WHAT YOU WILL DO — The lines below, from the one holding "Original Opal Stone Ring" through the one holding "Top Vente Frise", are to be restated word for word, with all images left out.
===== EXCERPTED RECORDS =====
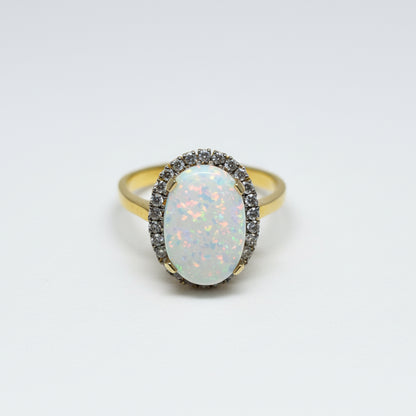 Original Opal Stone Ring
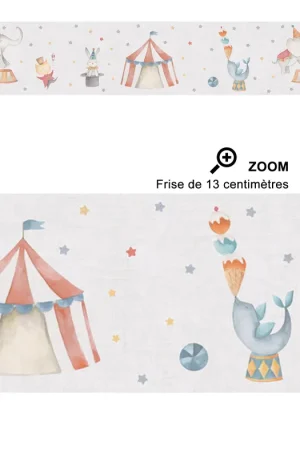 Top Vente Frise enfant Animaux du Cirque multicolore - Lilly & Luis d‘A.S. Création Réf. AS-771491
=====
===== EXCERPTED RECORDS =====
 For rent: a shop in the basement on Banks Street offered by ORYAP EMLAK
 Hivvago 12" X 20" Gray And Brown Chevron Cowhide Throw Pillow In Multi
=====
===== EXCERPTED RECORDS =====
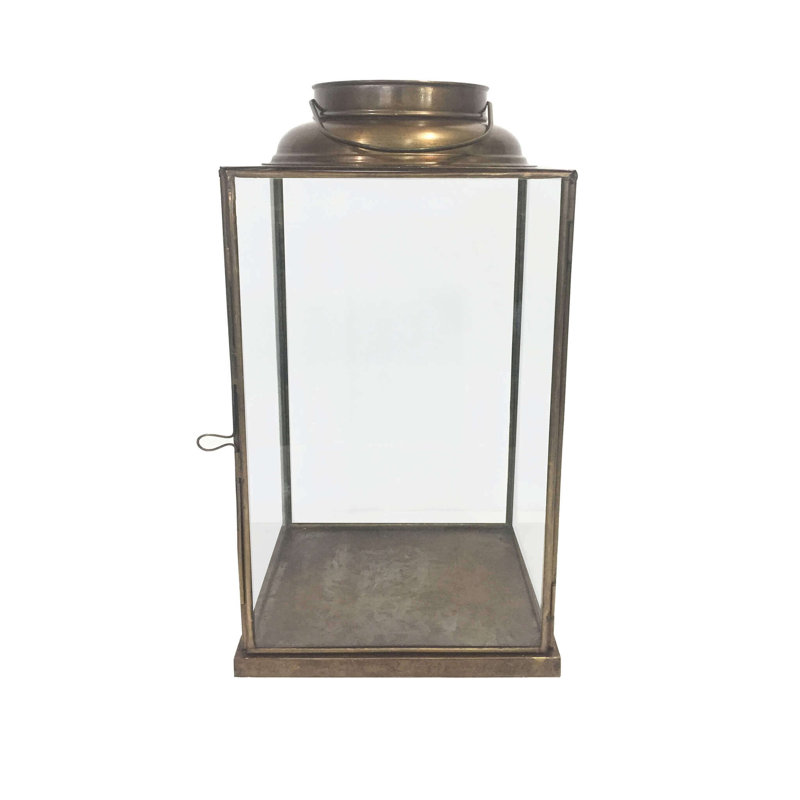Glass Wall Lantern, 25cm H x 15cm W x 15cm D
=====
RESPONSE —
 Original Opal Stone Ring
 Top Vente Frise enfant Animaux du Cirque multicolore - Lilly & Luis d‘A.S. Création Réf. AS-771491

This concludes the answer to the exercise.